[Task inputs]
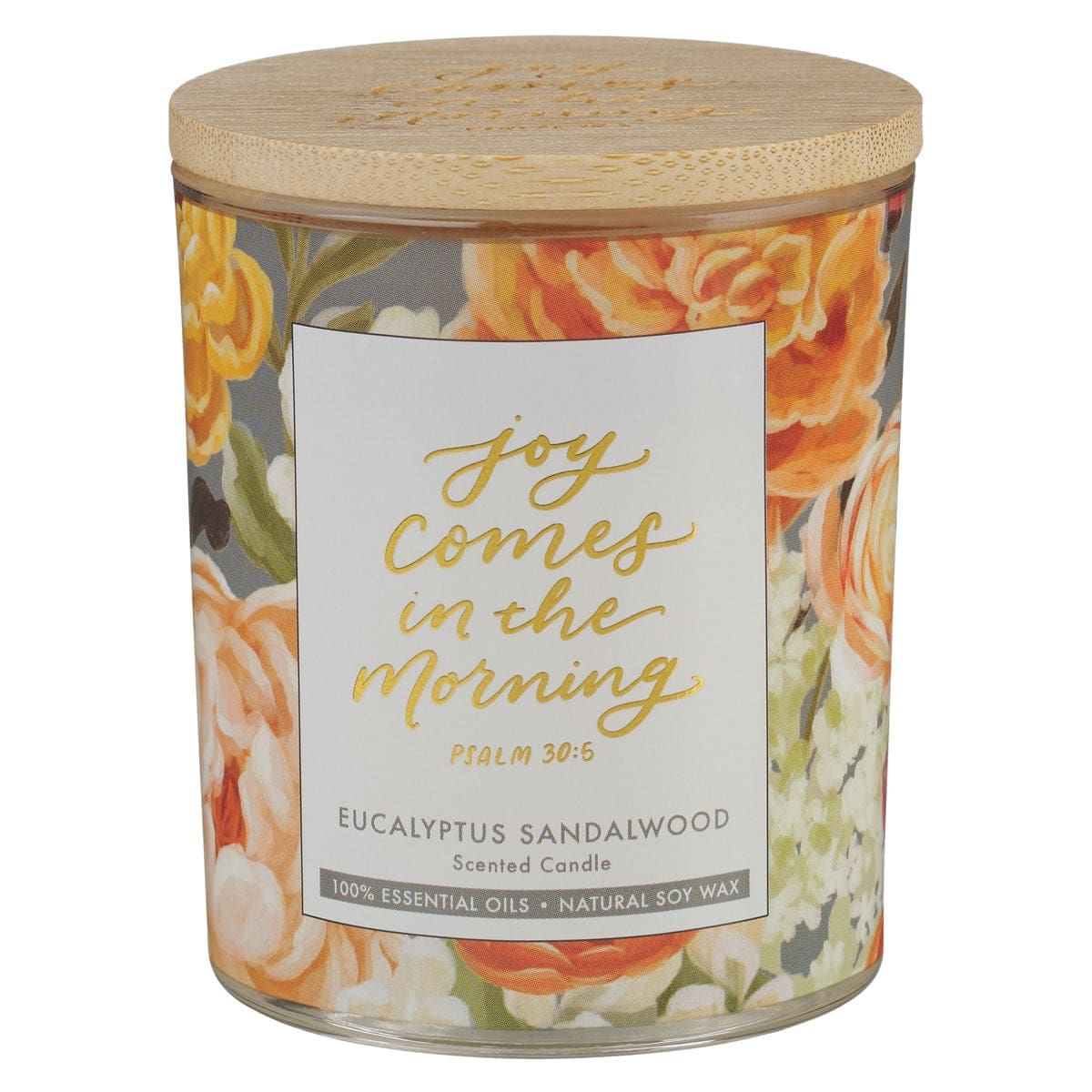 1220000720343_front Joy Comes in the Morning Eucalyptus Sandalwood Scented Candle with Bamboo Lid - Image 1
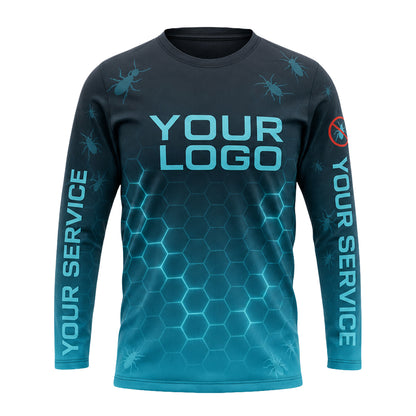 Teal Hex Nest Glow pest control shirt PCST12 - front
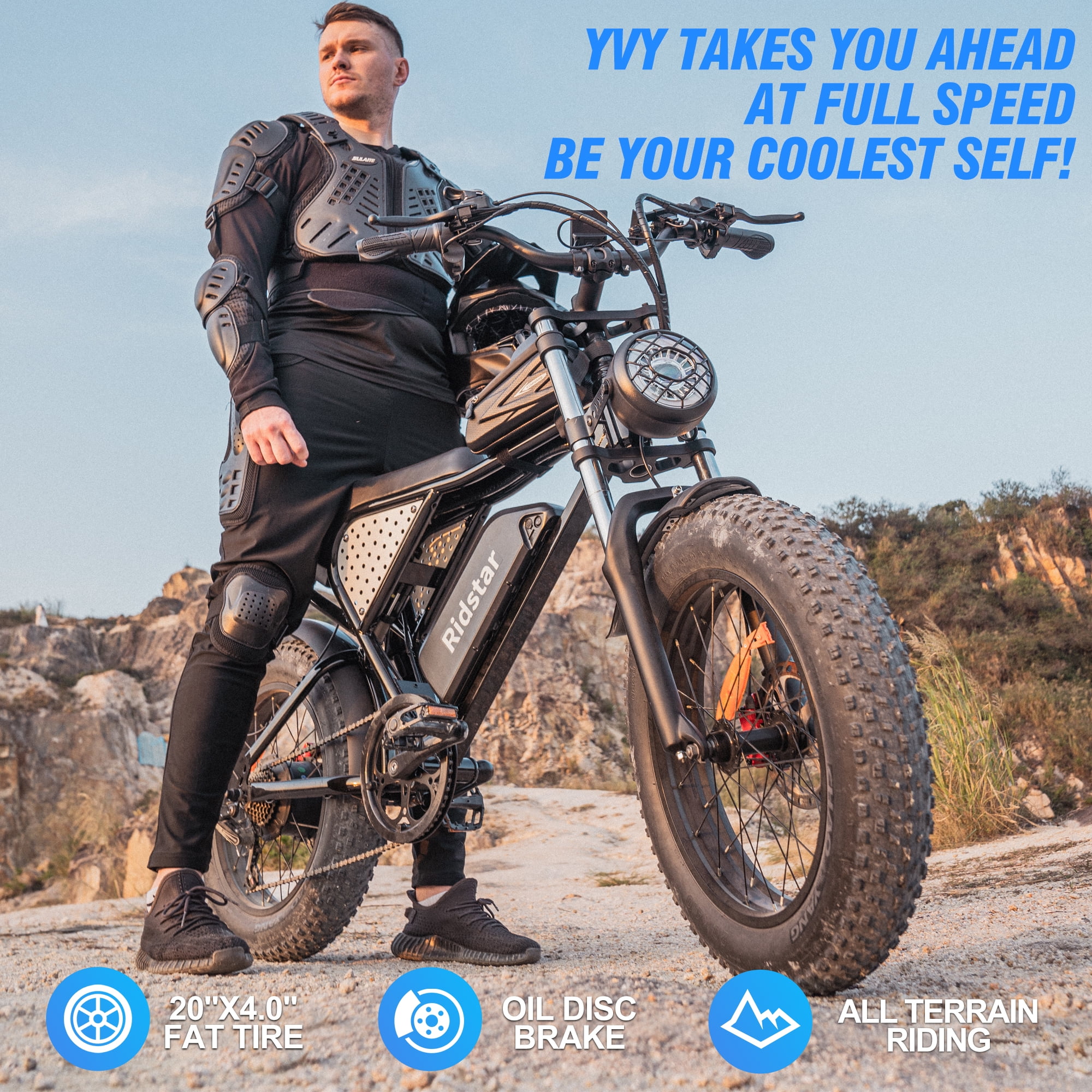 Ridstar Electric Bike for Adults Q20,1200W 30MPH,48V 15.6Ah Electric Bicycle,7 Speed Full Suspension Mountain Bike UL2849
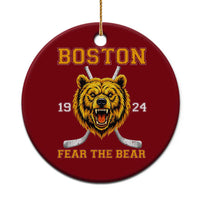 Boston Ice Hockey Ceramic Ornament Retro Vintage Fear The Bear
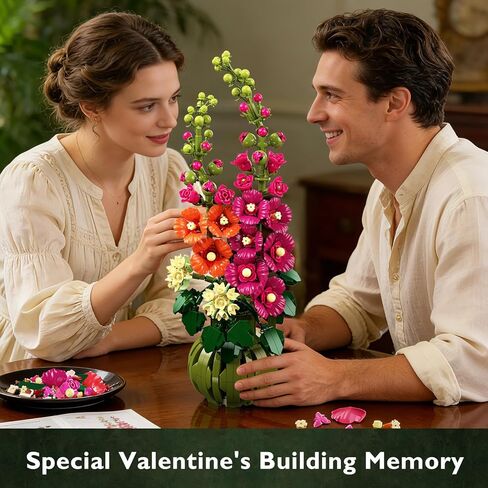 Flowers Botanicals Alcea Rosea Building Set for Adults - Artificial Bonsai Plant for Home Office Décor, 974PCS Flower Building Block Indoor Decoration, Birthday Valentine Gift for Wife Women in Saudi Arabia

[Assigned task]
Output only these lines, word for word: the line containing "Boston Ice Hockey" and every line after it through the last line of the data. Omit the pictures.

[Answer below]
 Boston Ice Hockey Ceramic Ornament Retro Vintage Fear The Bear
 Flowers Botanicals Alcea Rosea Building Set for Adults - Artificial Bonsai Plant for Home Office Décor, 974PCS Flower Building Block Indoor Decoration, Birthday Valentine Gift for Wife Women in Saudi Arabia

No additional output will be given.